Two years ago, I set out to change that. I read voraciously, talked to experts, and eventually built my own AI tech-driven startup.

Why should you trust me when it comes to products and strategy?

My background and experience in the subject are fairly extensive—as a product manager, I’ve built software products for startups and enterprises from the United States, Australia, the United Kingdom, Canada, Germany, and Kenya. I also wrote a book about product management

Without further ado, let’s dive into the details of building an AI strategy. We shall begin by briefly discussing the elements making up the micro level of such a strategy.

👩‍💻 Working with the AI strategy checklist

There are four things a company must do in order to create an AI strategy:

1. identify tasks for AI to automate;
2. collect and refine data sets for AI to learn from;
3. decide on a third-party strategy;
4. hire data scientists and AI-oriented software engineers.

Identifying AI-friendly tasks should be the cornerstone of your strategy. A task—also called a skill in Amazon’s ecosystem, or action in Google’s—is a job which can be automated using machine learning. Everything else should logically follow the tasks you identify.

As soon as you choose your tasks, you will know what kind of data you’ll have to collect or obtain in order to train your algorithms. Tasks will also help you decide your third-party strategy—by which I mean your ability and willingness to use third-party AI services built by other companies, both big and small. Your third-party strategy will, in turn, define your hiring strategy for the months to come. In short, the more you want to do in-house, the more experts you have to hire.

Now that we know what the general process looks like, we’re going to discuss each element of our checklist in detail—starting with tasks.

✅ Identifying AI-friendly tasks using the PAC grid

Every month, we’re hearing news of new advances in the AI space. Each such breakthrough means that neural networks have learned to handle new tasks. Two decades ago, computers famously learned to play chess; now they can also play go. AI helps run Google’s server rooms, diagnose cancer, optimize savings accounts, translate text and images, identify spam, fight online harassment, and so on.

Does it mean everything can now be a task for AI to handle?

This is way too optimistic, even given the latest research. How, then, can non-technical executives identify areas where AI can be helpful?

The quick answer is—they should make a PAC grid.

I first learned of the PAC grid from Rob May’s blog where he frequently writes about the new AI paradigm. “PAC stands for Predict, Automate, and Classify,” he says. “These are three things that current A.I. technologies can do really well.” We’ll talk about Predict, Automate, and Classify tasks at length in a moment. “To make your first grid,” continues May, “make three columns, one for Predict, one for Automate, and one for Classify. Then on the rows, list key areas of your business.” When filled with new ideas, the matrix provides a good framework for brainstorming AI jobs which are based on tasks we already know have been deployed in production with great success by other companies.

An empty PAC grid with three areas—Product, Operations, and Pricing—ready for some AI brainstorming.

The important part is that AI tasks are almost always derived from previously manual tasks. In this sense, AI often improves the execution of jobs which you are already doing right now—but it makes the experience smoother or cheaper. Don’t use the PAC grid looking for new revolutionary applications. In my experience, this doesn’t work out very well. Your existing product or service is the most obvious area where you can try it out, but others will fit well, too. For example, in the next section, we’ll see how Uber applies the prediction task to their business model and how you too can fill the Predict column with great ideas.

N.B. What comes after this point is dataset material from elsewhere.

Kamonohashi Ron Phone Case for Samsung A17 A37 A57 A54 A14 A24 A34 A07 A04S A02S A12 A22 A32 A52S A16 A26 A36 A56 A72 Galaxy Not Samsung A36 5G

📈 Identifying prediction tasks

A prediction task is a machine learning task of making future predictions based on past data. The Predict job is one of the most established ones in the AI world, as it usually deals with statistical data, scalar values, and linear regression, something most financial institutions have been dealing with for a long, long time.

In fact, prediction tasks work so well in that industry that many firms who used to employ dozens of traders along with a handful of software engineers now do the opposite and hire dozens of data scientists who work with just a few traders. Numerous trading firms even started using machine learning techniques on data feeds for automated trades. Many sales are already commissioned by machines on one end and approved by different machines on the other.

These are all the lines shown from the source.